Segment Start: MATERIAL PROVIDED
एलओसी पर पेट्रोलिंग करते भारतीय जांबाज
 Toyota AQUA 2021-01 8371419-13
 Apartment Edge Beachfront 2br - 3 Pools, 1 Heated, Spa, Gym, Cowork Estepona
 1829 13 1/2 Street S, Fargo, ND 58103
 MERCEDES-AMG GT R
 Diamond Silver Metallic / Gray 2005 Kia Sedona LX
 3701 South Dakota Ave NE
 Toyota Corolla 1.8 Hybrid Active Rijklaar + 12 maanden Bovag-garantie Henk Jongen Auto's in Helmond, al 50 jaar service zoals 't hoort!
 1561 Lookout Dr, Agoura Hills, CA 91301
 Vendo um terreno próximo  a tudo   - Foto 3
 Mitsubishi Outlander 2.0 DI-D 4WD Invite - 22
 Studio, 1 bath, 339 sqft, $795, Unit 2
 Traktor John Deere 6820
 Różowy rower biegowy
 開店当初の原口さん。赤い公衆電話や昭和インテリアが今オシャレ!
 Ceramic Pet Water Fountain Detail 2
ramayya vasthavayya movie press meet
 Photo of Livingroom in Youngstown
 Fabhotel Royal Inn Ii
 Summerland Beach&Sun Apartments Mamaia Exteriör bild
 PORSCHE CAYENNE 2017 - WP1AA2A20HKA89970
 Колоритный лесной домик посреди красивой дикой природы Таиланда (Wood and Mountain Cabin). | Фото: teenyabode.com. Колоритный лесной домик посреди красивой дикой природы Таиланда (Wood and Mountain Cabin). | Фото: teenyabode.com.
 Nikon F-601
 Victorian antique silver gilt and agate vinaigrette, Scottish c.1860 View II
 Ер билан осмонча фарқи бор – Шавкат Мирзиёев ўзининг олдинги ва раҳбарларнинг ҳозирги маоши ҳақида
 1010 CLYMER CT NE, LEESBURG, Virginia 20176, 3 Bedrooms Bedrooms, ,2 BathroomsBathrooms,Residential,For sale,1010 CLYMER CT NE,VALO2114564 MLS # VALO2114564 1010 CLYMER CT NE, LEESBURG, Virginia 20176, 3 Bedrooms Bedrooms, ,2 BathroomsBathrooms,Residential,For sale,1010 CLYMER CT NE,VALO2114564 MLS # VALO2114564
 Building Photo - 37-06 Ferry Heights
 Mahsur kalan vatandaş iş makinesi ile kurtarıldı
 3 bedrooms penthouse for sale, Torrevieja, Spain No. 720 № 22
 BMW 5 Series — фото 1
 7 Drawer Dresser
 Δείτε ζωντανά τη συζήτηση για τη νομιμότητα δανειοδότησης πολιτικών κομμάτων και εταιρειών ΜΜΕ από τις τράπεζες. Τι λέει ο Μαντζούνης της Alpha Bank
Segment End: MATERIAL PROVIDED
> **BRIEF**
Beginning at the line above that contains "3701 South Dakota Ave NE", return each line exactly through the line that contains "Ер билан осмонча", and no others.

> **SOLUTION FOR THIS EXERCISE**
 3701 South Dakota Ave NE
 Toyota Corolla 1.8 Hybrid Active Rijklaar + 12 maanden Bovag-garantie Henk Jongen Auto's in Helmond, al 50 jaar service zoals 't hoort!
 1561 Lookout Dr, Agoura Hills, CA 91301
 Vendo um terreno próximo  a tudo   - Foto 3
 Mitsubishi Outlander 2.0 DI-D 4WD Invite - 22
 Studio, 1 bath, 339 sqft, $795, Unit 2
 Traktor John Deere 6820
 Różowy rower biegowy
 開店当初の原口さん。赤い公衆電話や昭和インテリアが今オシャレ!
 Ceramic Pet Water Fountain Detail 2
ramayya vasthavayya movie press meet
 Photo of Livingroom in Youngstown
 Fabhotel Royal Inn Ii
 Summerland Beach&Sun Apartments Mamaia Exteriör bild
 PORSCHE CAYENNE 2017 - WP1AA2A20HKA89970
 Колоритный лесной домик посреди красивой дикой природы Таиланда (Wood and Mountain Cabin). | Фото: teenyabode.com. Колоритный лесной домик посреди красивой дикой природы Таиланда (Wood and Mountain Cabin). | Фото: teenyabode.com.
 Nikon F-601
 Victorian antique silver gilt and agate vinaigrette, Scottish c.1860 View II
 Ер билан осмонча фарқи бор – Шавкат Мирзиёев ўзининг олдинги ва раҳбарларнинг ҳозирги маоши ҳақида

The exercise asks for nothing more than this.